### EXERCISE REQUIREMENTS
Reproduce, word for word, all of the records; the pictures stay out.

===== RECORDS SUPPLIED =====

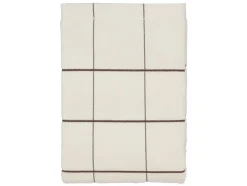 Clearance Södahl Organic Vista Håndklæde, , 70x140 cm Offwhite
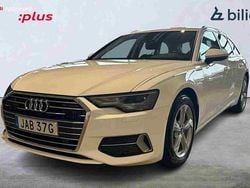 Vit Begagnad 2023 Audi A6 Kombi | 364 900 kr (Marknadspris)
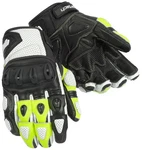 Cortech Impulse St Motorcycle Gloves White/hi-viz, Small. Fixed Price $35.98.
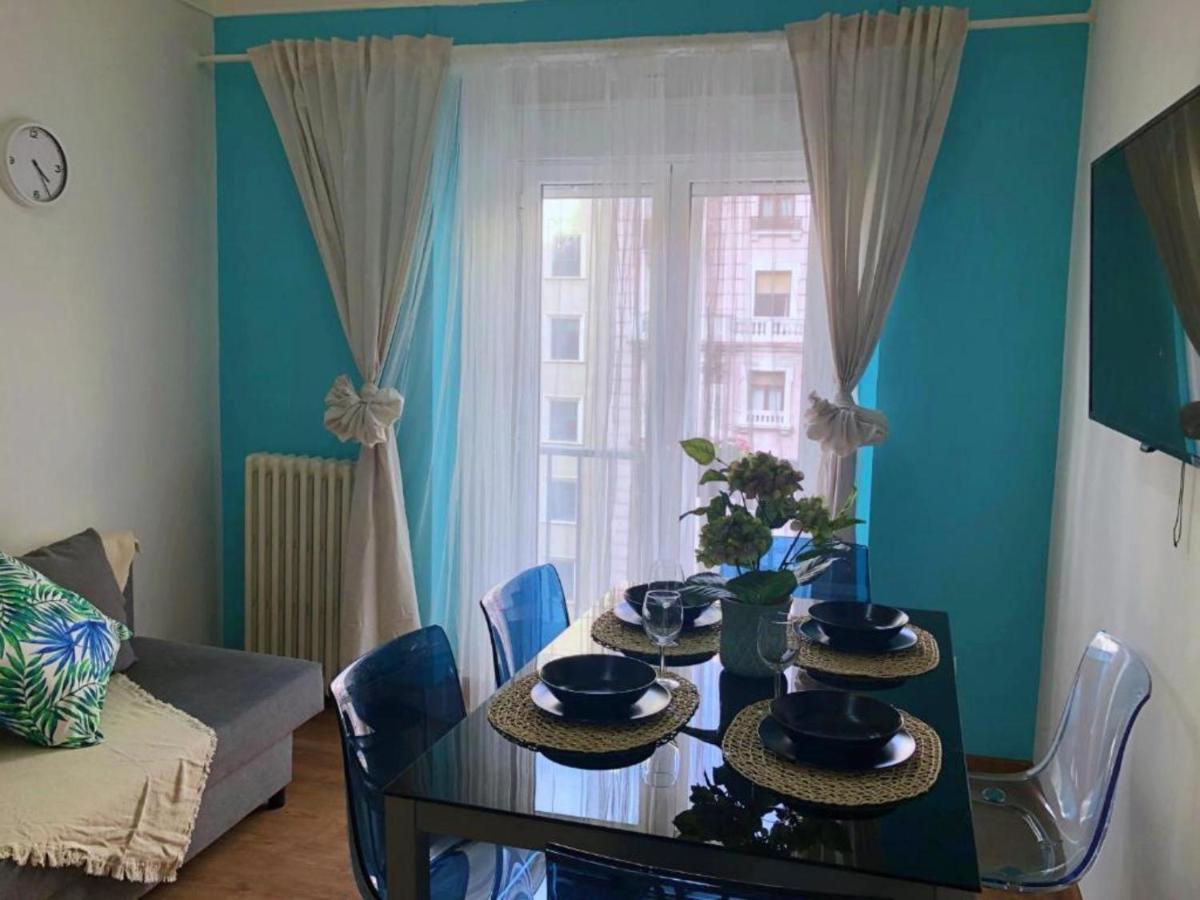 Apartamentos Smartrenting Gran Via Madrid Bagian luar foto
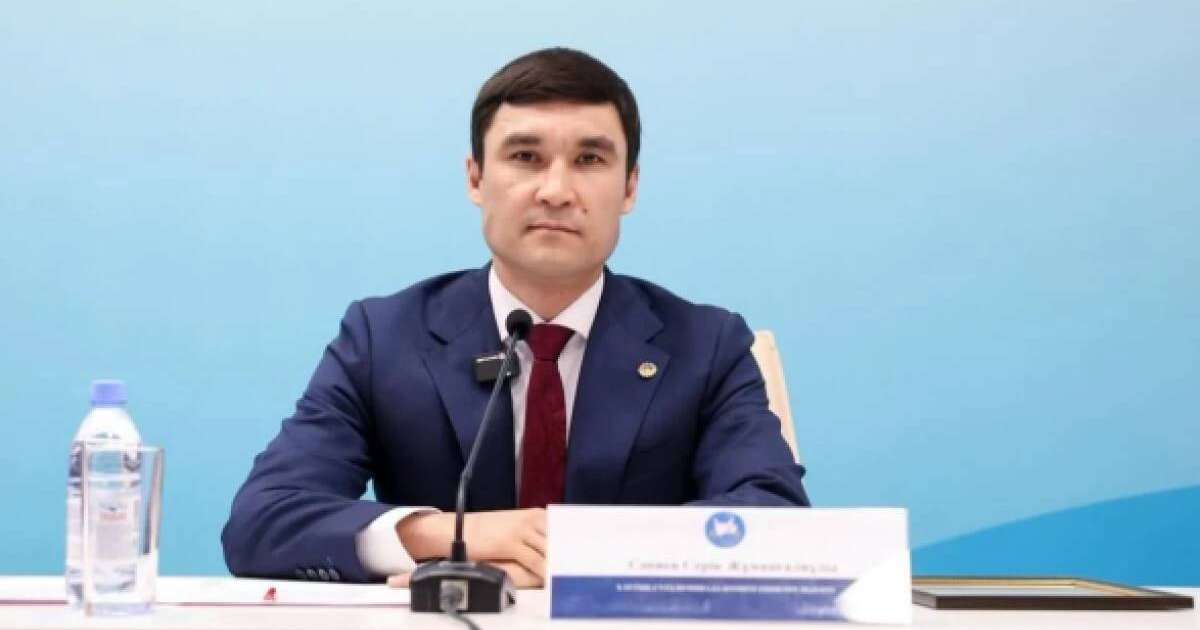 Боксшы Серік Сәпиев жаңа қызметке тағайындалды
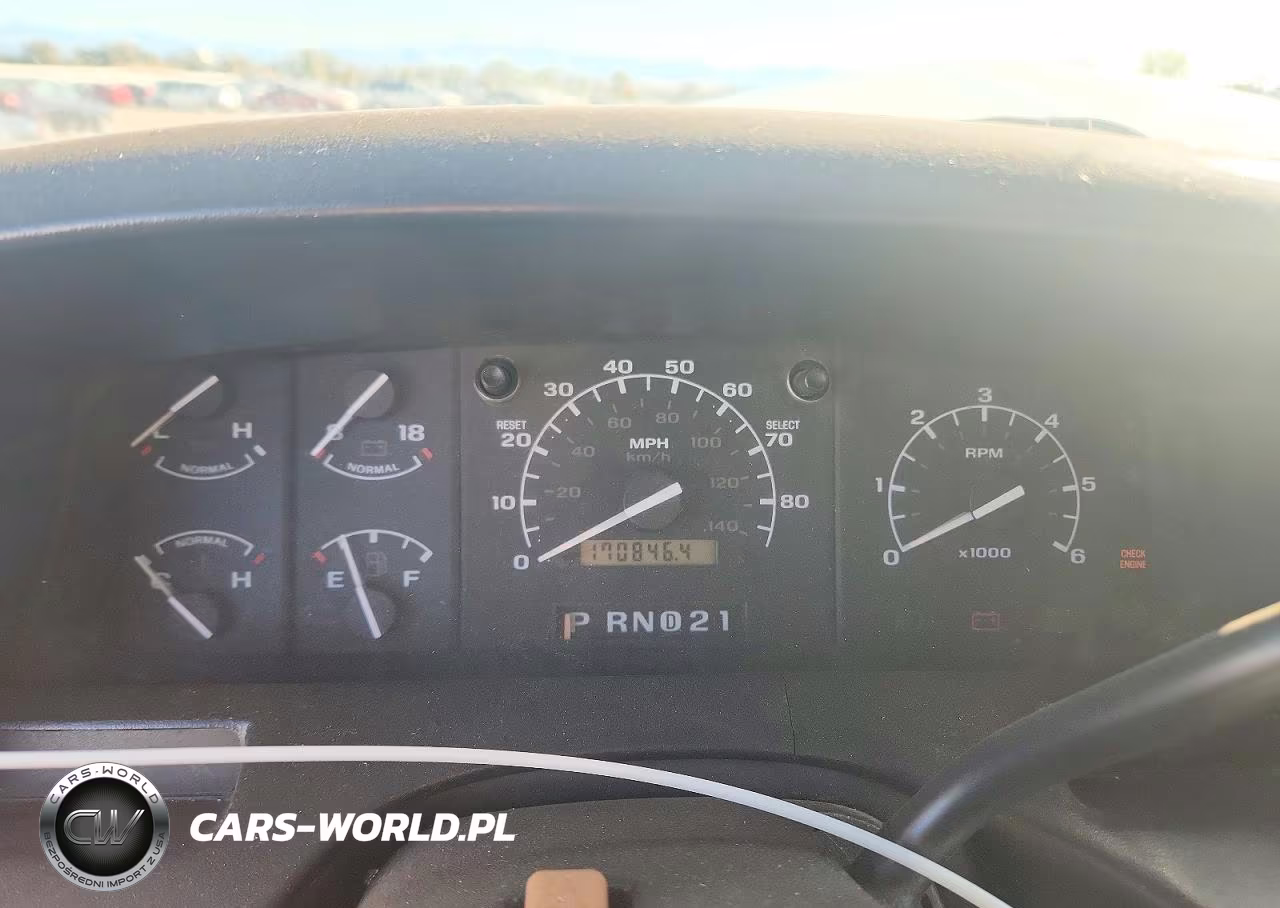 1996 Ford F150 VIN:1FTEX15N4TKA07585 - 9
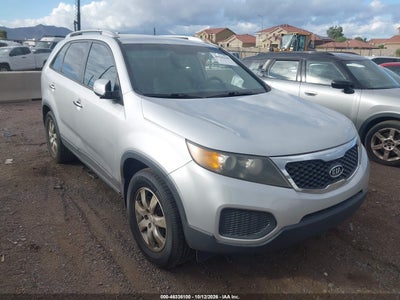 2012 Kia Sorento LX V6
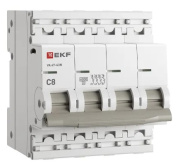 фото Автоматический выключатель EKF M636408C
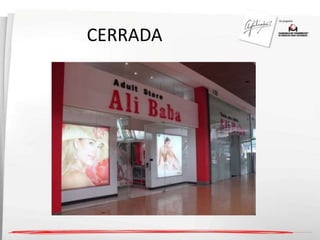 CERRADA 
 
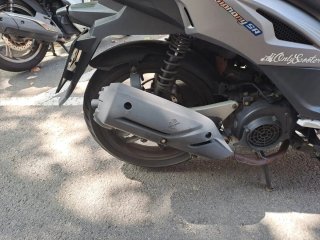 Scooter SYM 125 SR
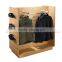 Wooden Hanging Clothes Display Rack (SZ-WDR023)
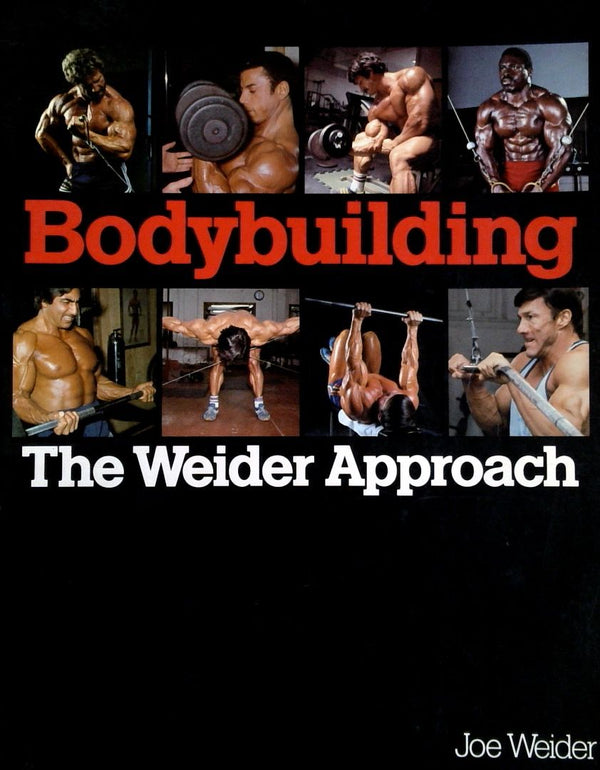 Bodybuilding: The Weird Approach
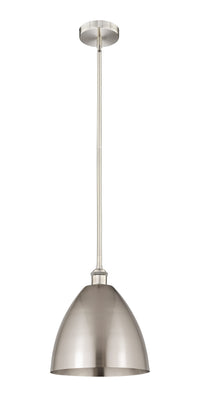 Edison Mini Pendant Cast Brass Antique Brass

=====

### WORKED SOLUTION
 Clearance Södahl Organic Vista Håndklæde, , 70x140 cm Offwhite
 Vit Begagnad 2023 Audi A6 Kombi | 364 900 kr (Marknadspris)
 Cortech Impulse St Motorcycle Gloves White/hi-viz, Small. Fixed Price $35.98.
 Apartamentos Smartrenting Gran Via Madrid Bagian luar foto
 Боксшы Серік Сәпиев жаңа қызметке тағайындалды
 1996 Ford F150 VIN:1FTEX15N4TKA07585 - 9
 2012 Kia Sorento LX V6
 фото Автоматический выключатель EKF M636408C
 CERRADA 
 
 Scooter SYM 125 SR
 Wooden Hanging Clothes Display Rack (SZ-WDR023)
 Bodybuilding: The Weird Approach
 Edison Mini Pendant Cast Brass Antique Brass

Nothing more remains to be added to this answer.